Har wollte ihn nicht loslassen. Sie rissen ihn weg. Setzten Manor die Spitze des Pfahls auf die Brust. Aechzend wandte sich Har. Fiel der Mutter um den Hals. An ihrer Schulter barg er sein Gesicht.
»Mutter!« rief er aus, »warum hast du mir das getan!«
Die flache Rückseite der Axt hörte er niederfallen auf den Pfahl und den Pfahl stöhnen. Ein schwerer Schlag; noch ein Schlag und noch ein halb Dutzend Schläge.
Erster Wagöer: »Nun ist er festgemacht!«
Zweiter: »Das Wiederkommen soll er nun wohl bleiben lassen.«
Har trugen sie halb ohnmächtig davon. »Nun wird er dich in Ruhe lassen, mein liebes Kind!« sagte Lära, da sie wieder in ihrer Hütte waren.
Betrübt ging er zu Bett. »Nun kommt er nicht mehr!« sagte er kummervoll vor sich hin. War müde und matt.

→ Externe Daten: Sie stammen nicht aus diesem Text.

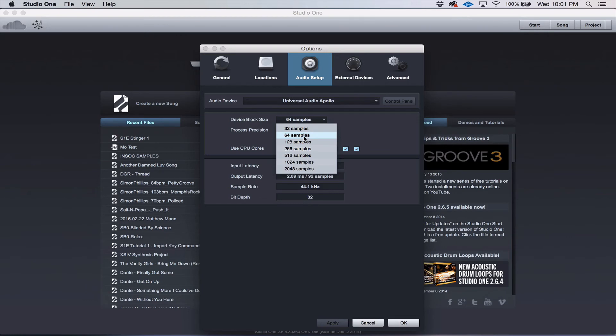So you want the lowest settings possible so that you don't hear delay, but also so that you're not getting clicks and pops. You just have to find the best number that works for you.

Friedlos aber und ruhelos wälzte er sich auf seinem Lager. Langsam schlichen die Minuten; träg krochen die Stunden dahin. Mitternacht kam und noch kein Schlaf hatte sich über seine Wimpern gesenkt.
Horch! Was ist das? Im Fliederbaum … – Doch nein; das war ja unmöglich. Und doch! Wieder, wie früher, raschelte es in den Zweigen des Baums. Das Fenster öffnete sich. Manor war wieder da. Seufzte tief auf. Hatte eine große Wunde in der Brust, die viereckig war und ihm bis durch den Rücken ging. Legte sich wieder zu Har, umschlang ihn und sog. Sog verlangender denn zuvor und dürstender.
Nebenan aber wachte diese Nacht Lära; horchte und zitterte. Früh morgens kam sie herein und trat an Hars Bett.
Sie: »Mein armes Kind! Er ist doch wieder dagewesen.«
Er: »Ja, Mutter; er ist wieder bei mir gewesen.«
Das Bett aber war befleckt mit Leichenblut, das aus der großen Wunde hervorgeträufelt war.